Nel dicembre 1971 nascevano le Comunità montane con la dichiarata finalità di rappresentare e tutelare le specificità della montagna favorendone lo sviluppo, eccetera eccetera. Da allora é passato ormai mezzo secolo e la vita di questi Enti continua ad essere molto travagliata. Alcune Regioni le hanno ridotte di numero o già archiviate da tempo trasformandole in Unioni di comuni mentre altre dopo averle abolite le hanno riesumate, reintrodotte e nuovamente affossate, più volte: in alcuni casi sono state soppresse definitivamente affidando a un Commissario liquidatore il relativo iter di chiusura ma a distanza di anni molte continuano in realtà a esistere e dunque a costare alle tasche dei contribuenti.
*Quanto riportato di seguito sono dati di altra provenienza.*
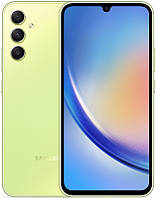 Смартфон Samsung Galaxy A34 5G 6/128GB Light Green (SM-A346ELGASEK) UA UCRF Гарантія 12 місяців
Un percorso tutto in salita…

di Claudio Baruffaldi

Presidente Comunità Montana VVVR (1992-1996)
Già sindaco di Primaluna (1985-1995)

Qualche Regione, invece, gli ha delegato alcune funzioni da svolgere e pertanto ne legittimano l’esistenza anche se in vista del 50esimo compleanno si continuano a registrare discussioni sull’opportunità di mantenerle in vita, visto che altri Enti locali territoriali potrebbero tranquillamente subentrare nello svolgimento delle stesse funzioni. Mi riferisco alle …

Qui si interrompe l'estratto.